ASSIGNMENT –
In the listing below, find the line with "thumbnail image 4" and the line with "Fares - Ulei Esential Pur Bergamot, 10 ml". Repeat those two lines and all lines between them exactly.

MATERIAL FOR THIS EXERCISE –
- Opening Delimiter -

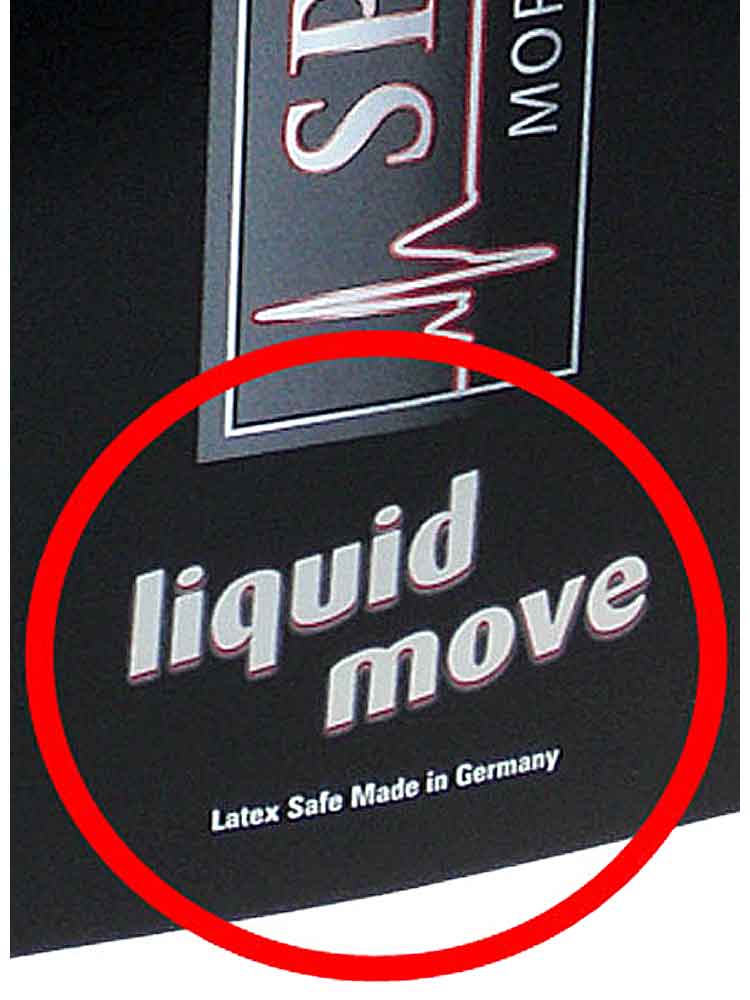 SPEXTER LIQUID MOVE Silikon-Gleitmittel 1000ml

- Closing Delimiter -
- Opening Delimiter -

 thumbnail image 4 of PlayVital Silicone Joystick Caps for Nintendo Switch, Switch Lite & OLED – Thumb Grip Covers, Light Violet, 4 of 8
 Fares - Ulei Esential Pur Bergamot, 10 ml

- Closing Delimiter -
- Opening Delimiter -

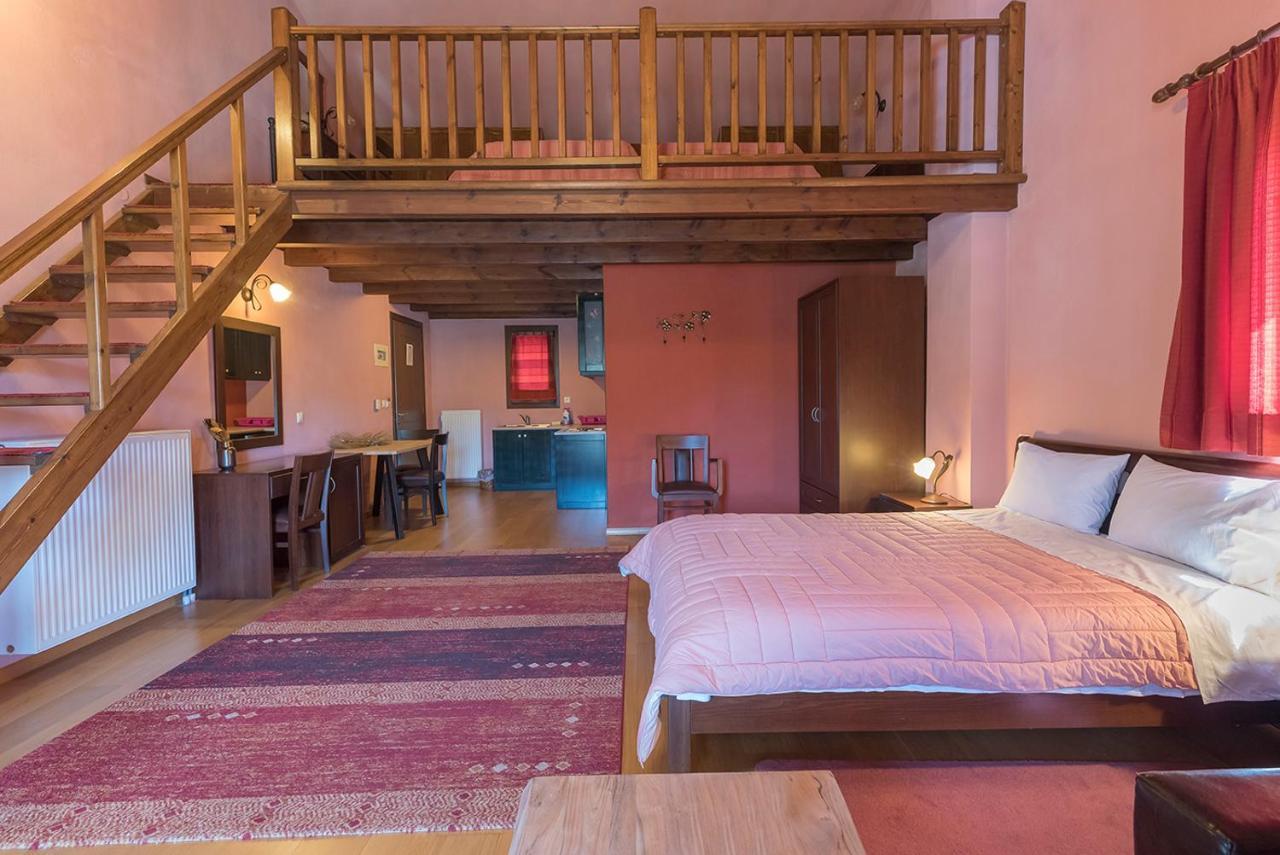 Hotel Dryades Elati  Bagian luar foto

- Closing Delimiter -

PROBLEM SOLUTION –
 thumbnail image 4 of PlayVital Silicone Joystick Caps for Nintendo Switch, Switch Lite & OLED – Thumb Grip Covers, Light Violet, 4 of 8
 Fares - Ulei Esential Pur Bergamot, 10 ml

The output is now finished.